> _WHAT YOU NEED TO DO_
Across the whole listing, return each line exactly, with no images included.

> _DATASET SECTION_
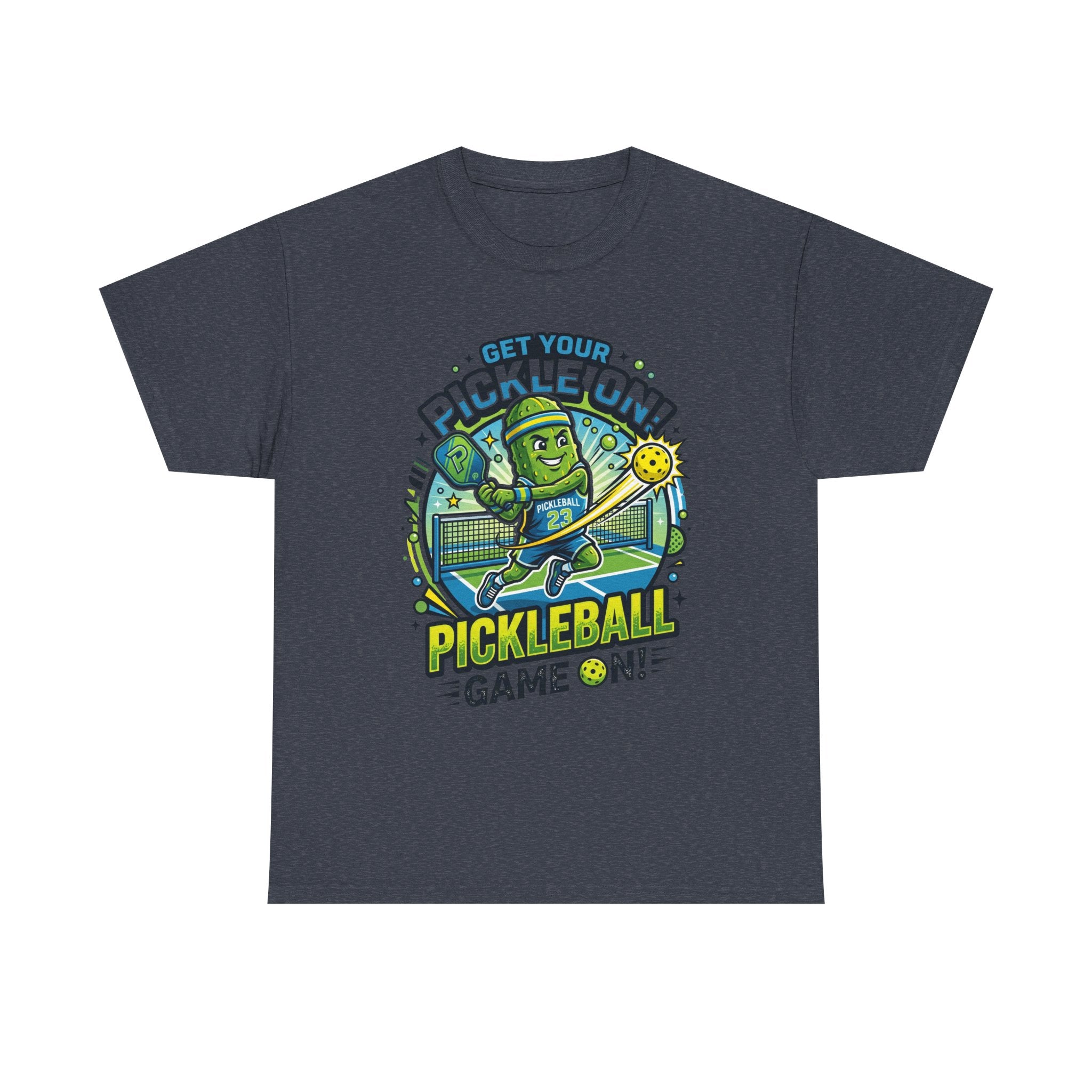 Pickleball Tee - "Get Your Pickle On!" Fun Pickle Character Game On Shirt
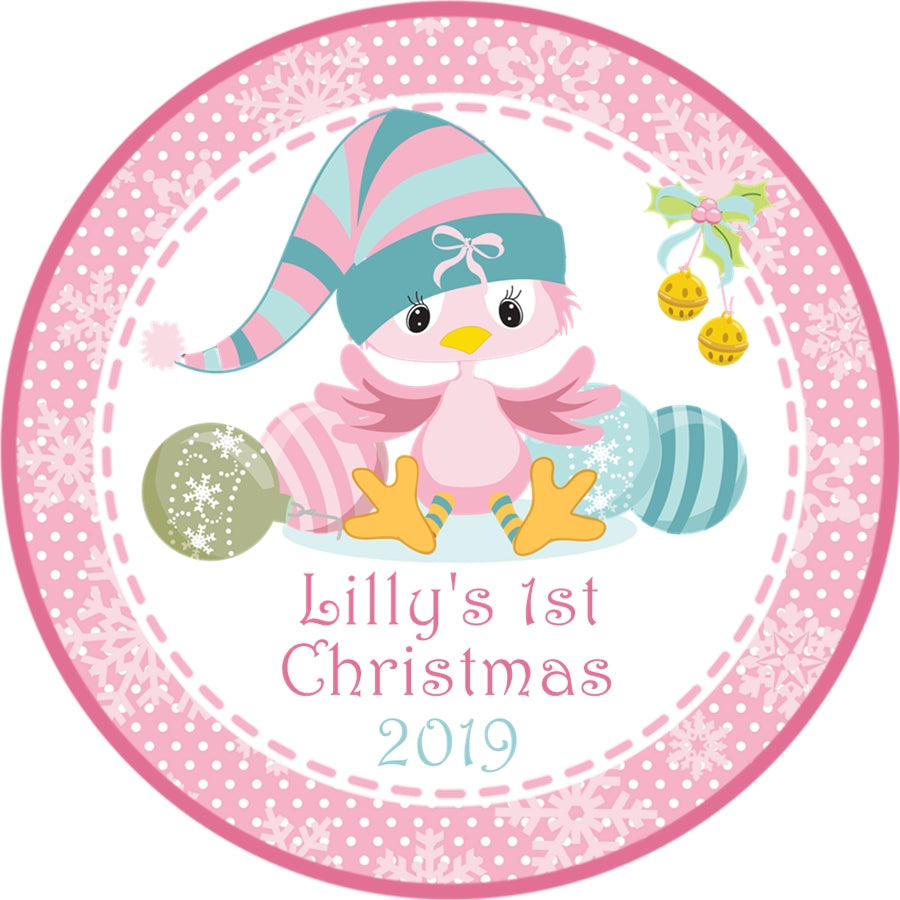 pink pastel penguin christmas ornament favor sticker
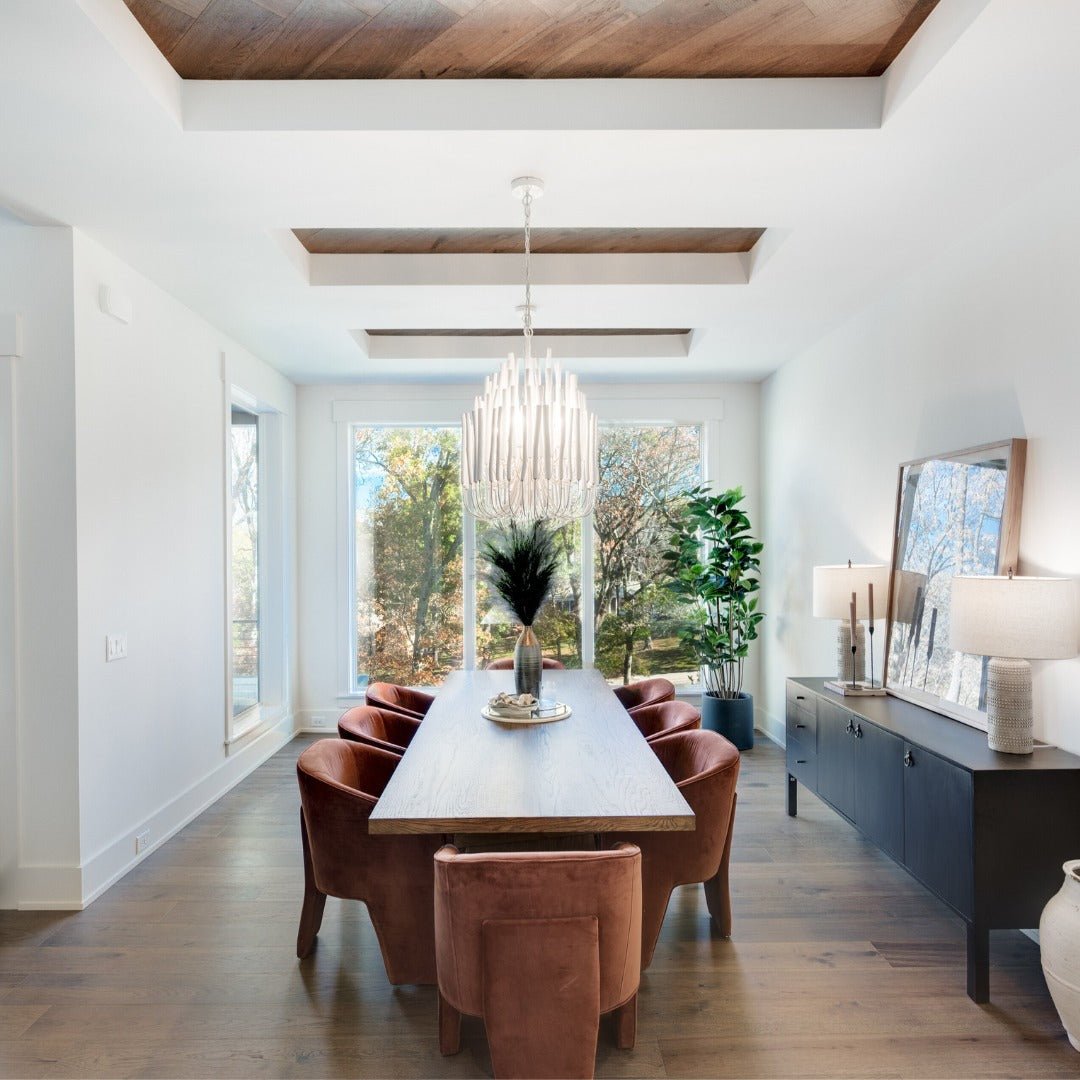 Swinton Chandelier | White Wood & Metal | Multiple Head Options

> _RESPONSE AREA_
 Pickleball Tee - "Get Your Pickle On!" Fun Pickle Character Game On Shirt
 pink pastel penguin christmas ornament favor sticker
 Swinton Chandelier | White Wood & Metal | Multiple Head Options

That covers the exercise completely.